Each line of the data must be written out again verbatim; no image belongs in the copy.

STORED DATA ▸
══════════════════════════════

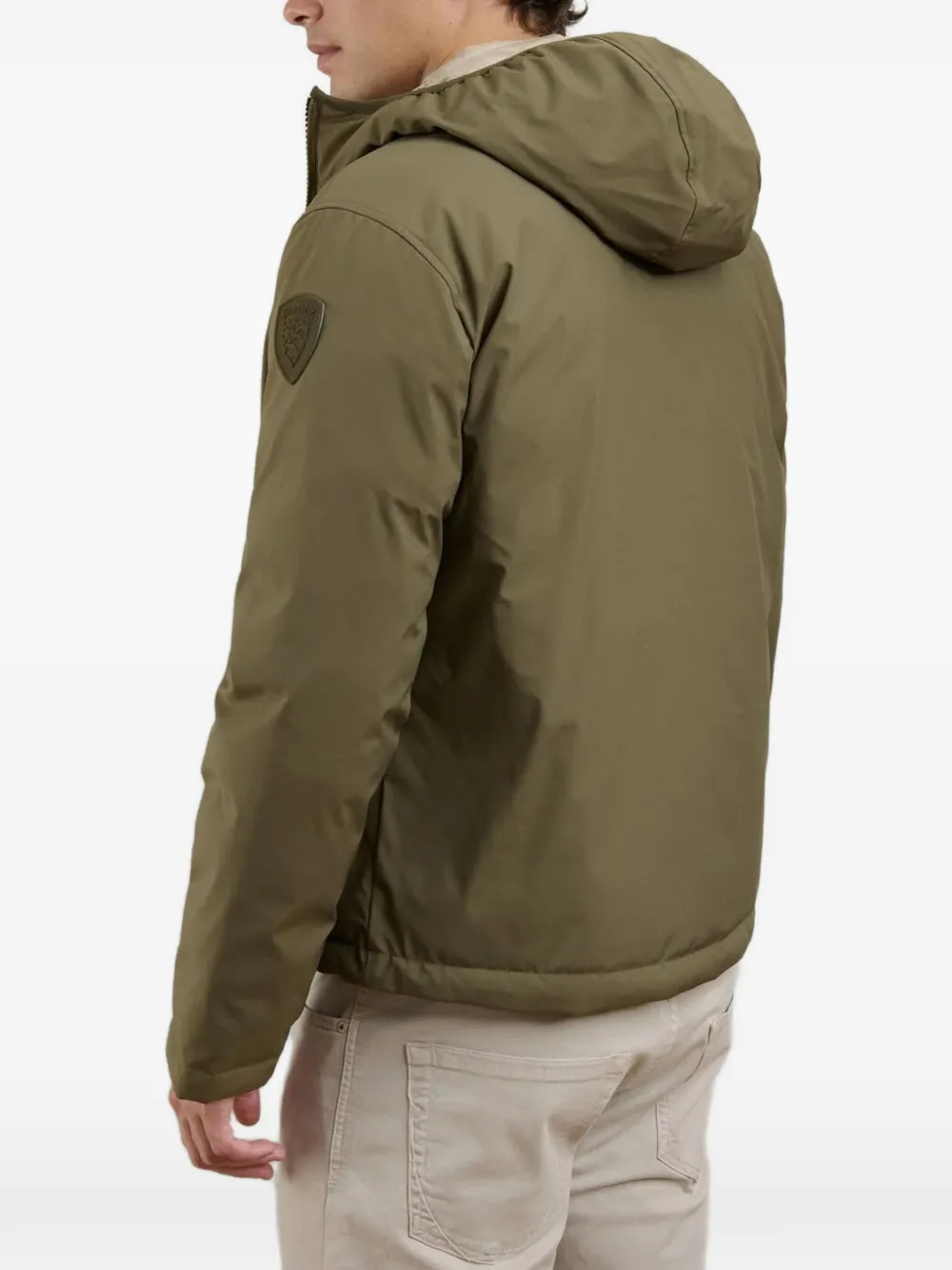 Blauer Ballard reversible hooded jacket Groen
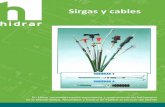 Sirgas y cables - Hidrar - Hidráulica Aragón Motores lentos y acumuladores Grupos Motobomba Cilindros Latiguillos Bombas y multiplicadores Distribuidores y sirgas Electroválvulas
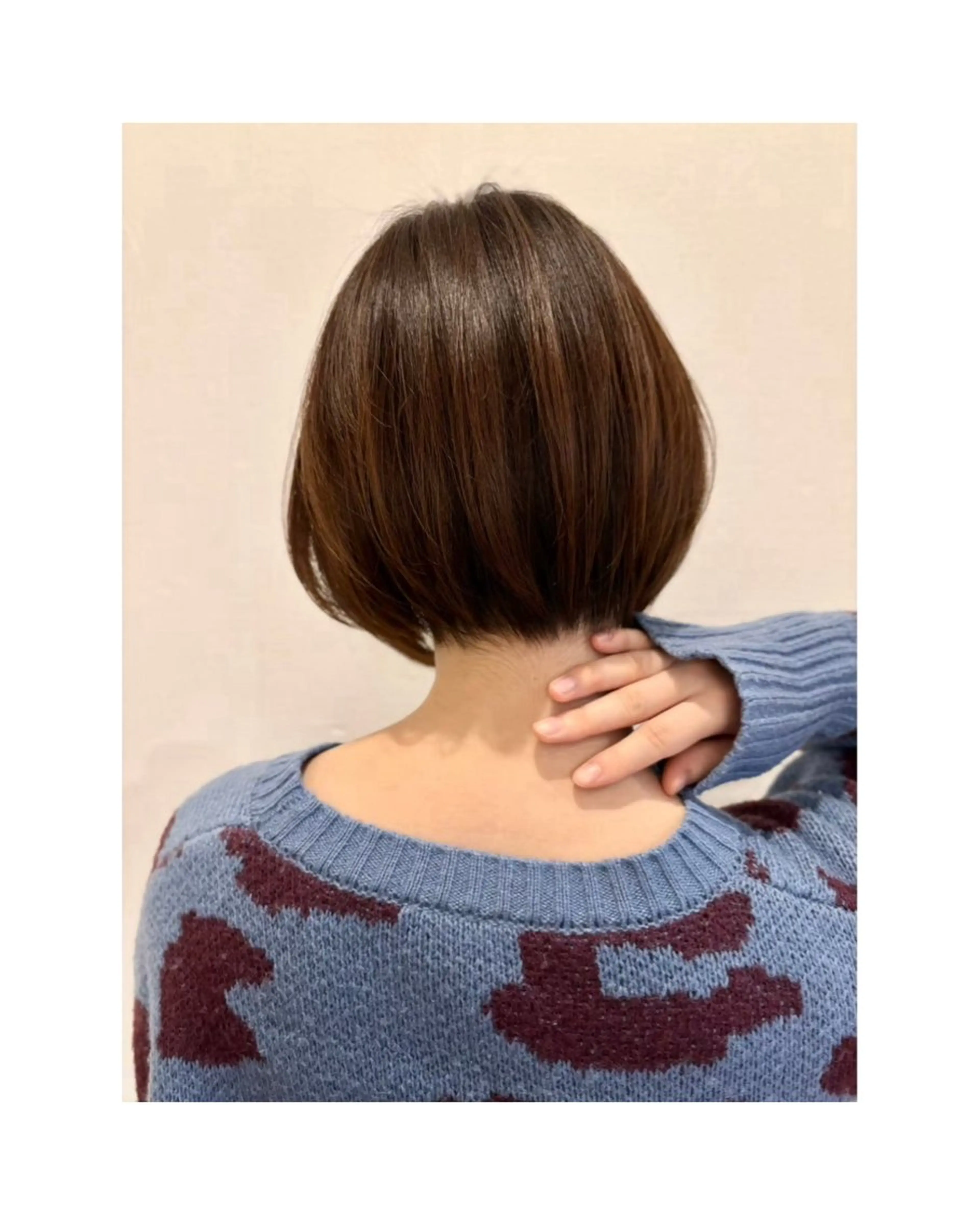 ショート ボブ hair studio Zen〜kalon所属・Jura／ハイライト ／ブリーチなしカラーのヘアスタイル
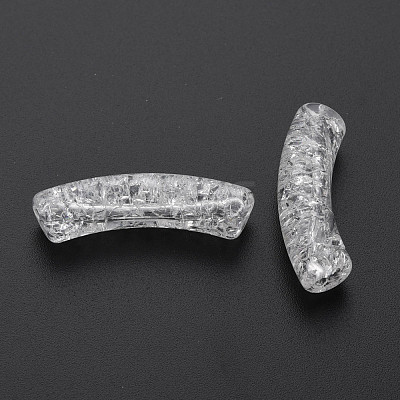 Transparent Crackle Acrylic Beads CACR-S009-001A-NA-1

══════════════════════════════

RESPONSE ▸
 Blauer Ballard reversible hooded jacket Groen
 Sirgas y cables - Hidrar - Hidráulica Aragón Motores lentos y acumuladores Grupos Motobomba Cilindros Latiguillos Bombas y multiplicadores Distribuidores y sirgas Electroválvulas
 ショート ボブ hair studio Zen〜kalon所属・Jura／ハイライト ／ブリーチなしカラーのヘアスタイル
 Transparent Crackle Acrylic Beads CACR-S009-001A-NA-1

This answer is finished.